[INFORMATION SHOWN]

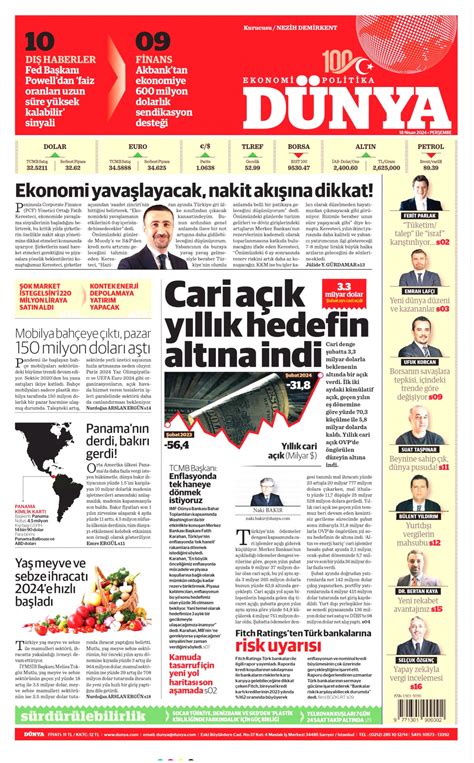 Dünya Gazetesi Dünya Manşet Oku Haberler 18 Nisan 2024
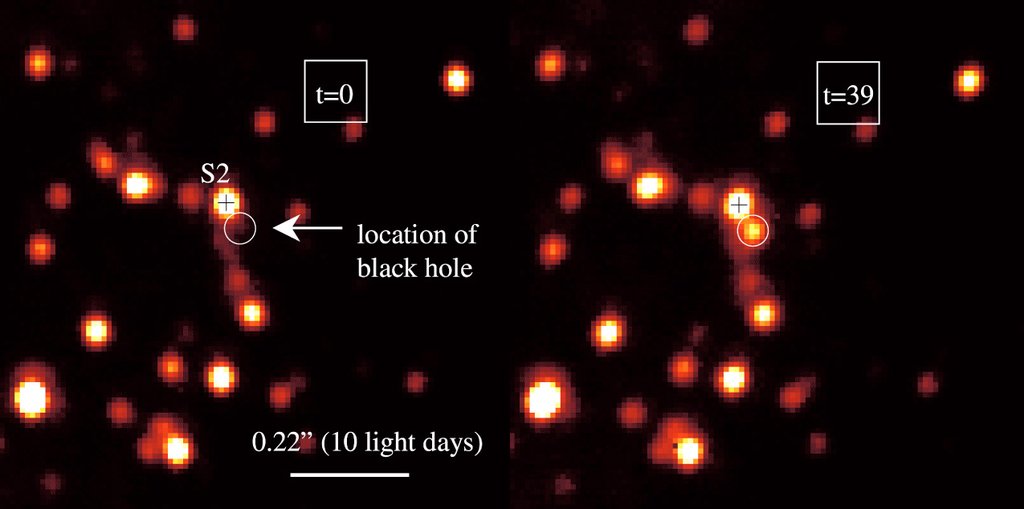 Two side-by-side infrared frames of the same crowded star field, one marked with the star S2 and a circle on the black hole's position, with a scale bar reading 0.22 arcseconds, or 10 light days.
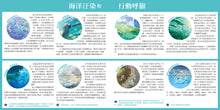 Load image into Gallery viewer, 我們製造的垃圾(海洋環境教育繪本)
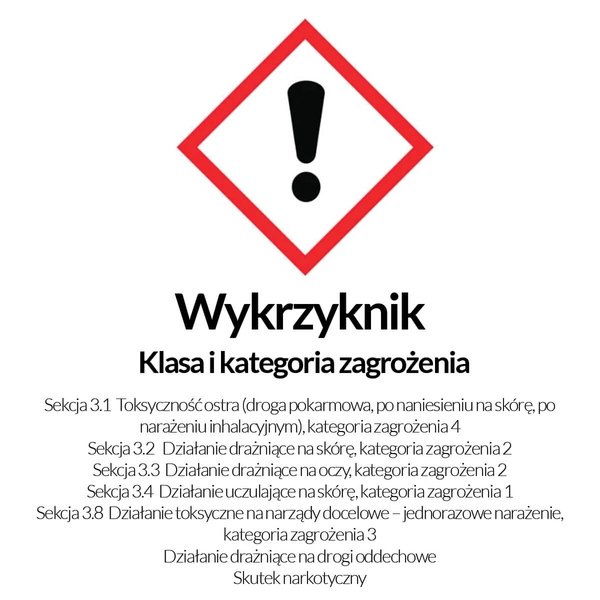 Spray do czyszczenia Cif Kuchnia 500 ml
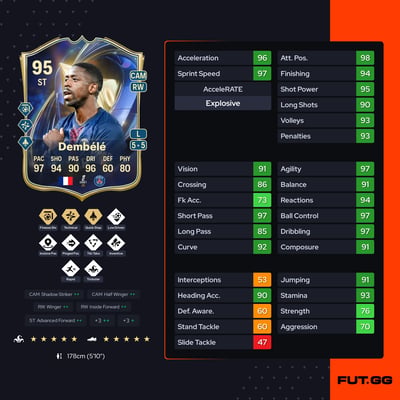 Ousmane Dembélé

[/INFORMATION SHOWN]

**BRIEF:**
Output only the lines running from the line with "Spray do czyszczenia Cif Kuchnia 500 ml" through the last line of the entries above, inclusive, with pictures excluded.

**ANSWER TO THE EXERCISE:**
 Spray do czyszczenia Cif Kuchnia 500 ml
 Ousmane Dembélé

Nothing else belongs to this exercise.